● Exercise goal
Starting at the line that contains "KALIYADI Mens-Sunglasses Polarized", write out each line exactly through the last one in the material below, and nothing more; omit all pictures.

● Stored data
::::

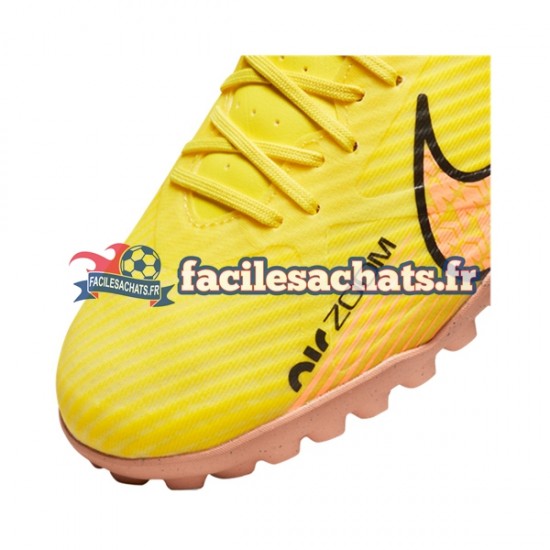 Nike Air Zoom Mercurial Vapor XV Academy TF Lucent Rose Jaune Chaussures de Football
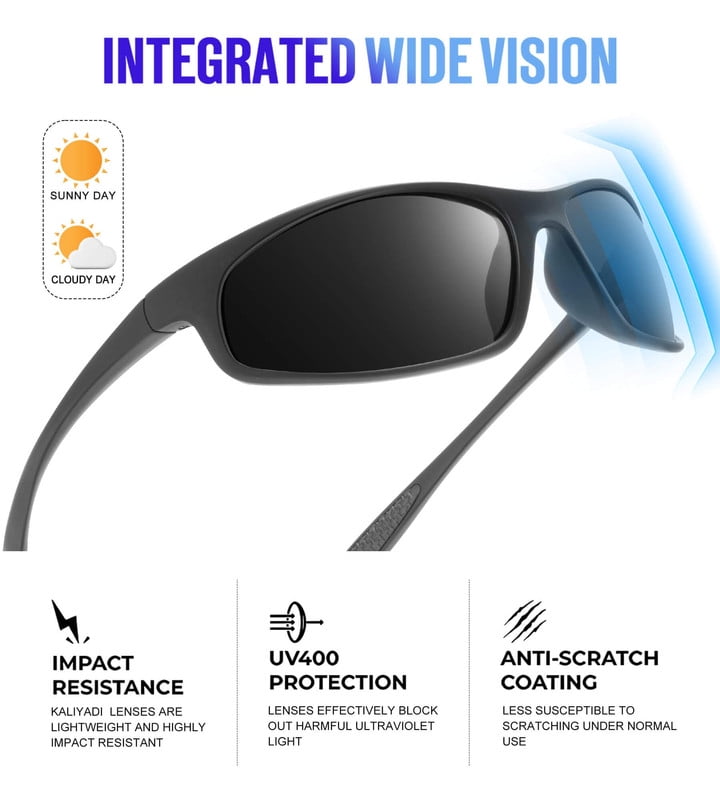 KALIYADI Mens-Sunglasses Polarized Sunglasses-Men Sports: Sport Sun Glasses for Running Cycling Fishing with UV Protection(WMKAS90-1-1-1)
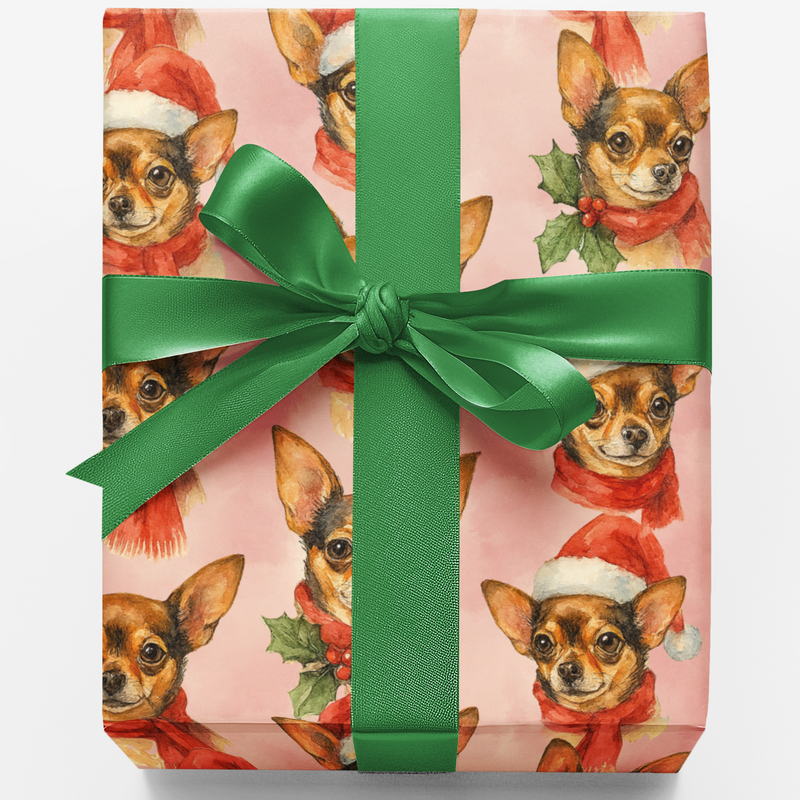 Adorable Holiday Dog Gift Wrap, Chihuahua Christmas Wrapping Paper, Festive Chihuahua Wrapping Paper, Dog Lover Xmas Present Paper Roll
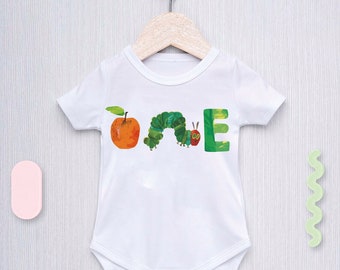 Oruga hambrienta Un bebé Onesie, Primer cumpleaños de Oruga muy hambrienta, Mono fresco lindo, Regalo de baby shower, Camiseta de Oruga hambrienta.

::::

● Written response
 KALIYADI Mens-Sunglasses Polarized Sunglasses-Men Sports: Sport Sun Glasses for Running Cycling Fishing with UV Protection(WMKAS90-1-1-1)
 Adorable Holiday Dog Gift Wrap, Chihuahua Christmas Wrapping Paper, Festive Chihuahua Wrapping Paper, Dog Lover Xmas Present Paper Roll
 Oruga hambrienta Un bebé Onesie, Primer cumpleaños de Oruga muy hambrienta, Mono fresco lindo, Regalo de baby shower, Camiseta de Oruga hambrienta.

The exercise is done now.